◆ The data
┄┄┄┄┄┄┄┄┄┄

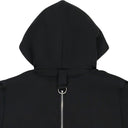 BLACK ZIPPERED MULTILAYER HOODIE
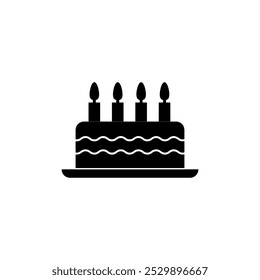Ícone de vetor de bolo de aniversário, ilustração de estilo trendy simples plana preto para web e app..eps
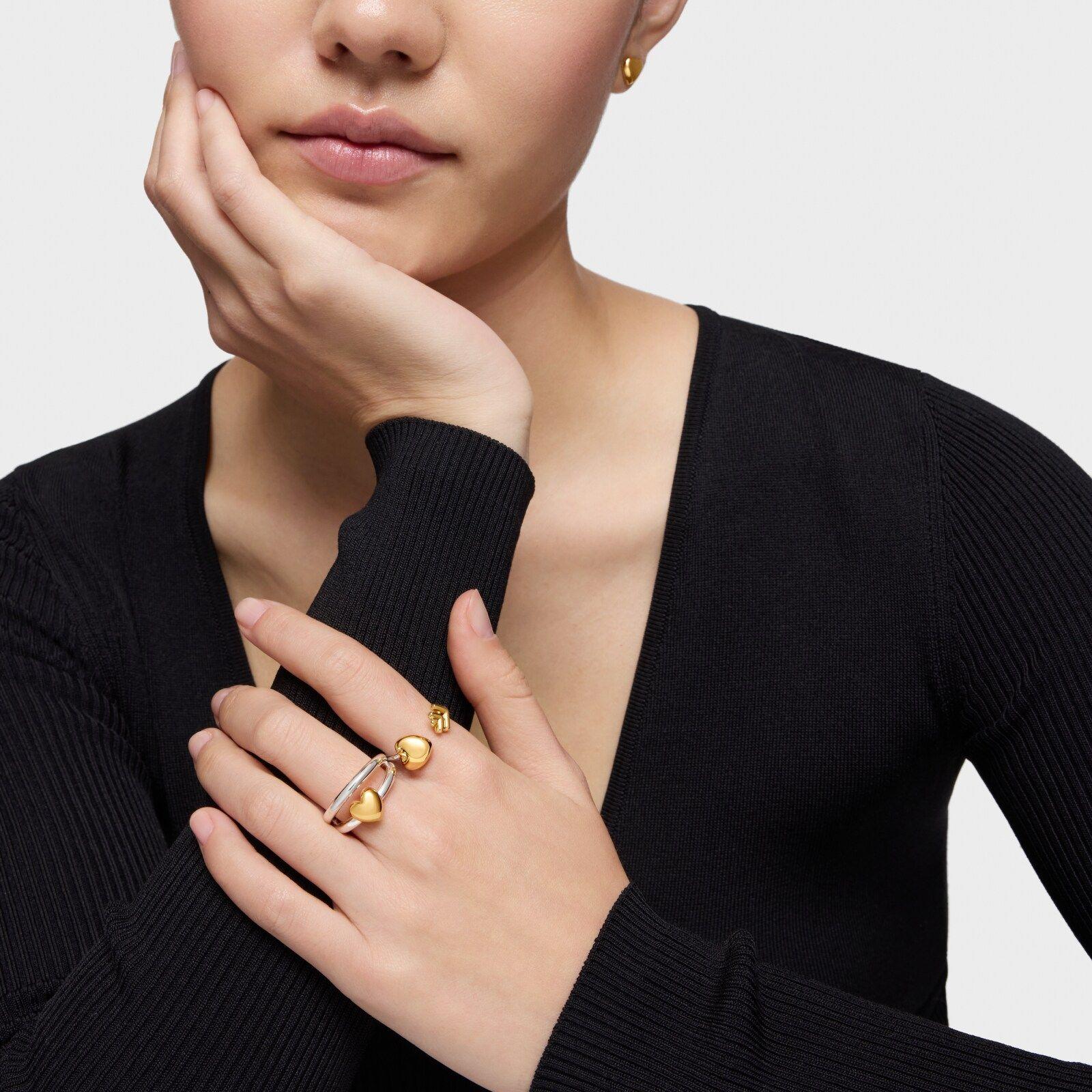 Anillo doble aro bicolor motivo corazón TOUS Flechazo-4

┄┄┄┄┄┄┄┄┄┄

◆ Brief
The answer should match the data above word for word, with no pictures in it.

◆ Result
 BLACK ZIPPERED MULTILAYER HOODIE
Ícone de vetor de bolo de aniversário, ilustração de estilo trendy simples plana preto para web e app..eps
 Anillo doble aro bicolor motivo corazón TOUS Flechazo-4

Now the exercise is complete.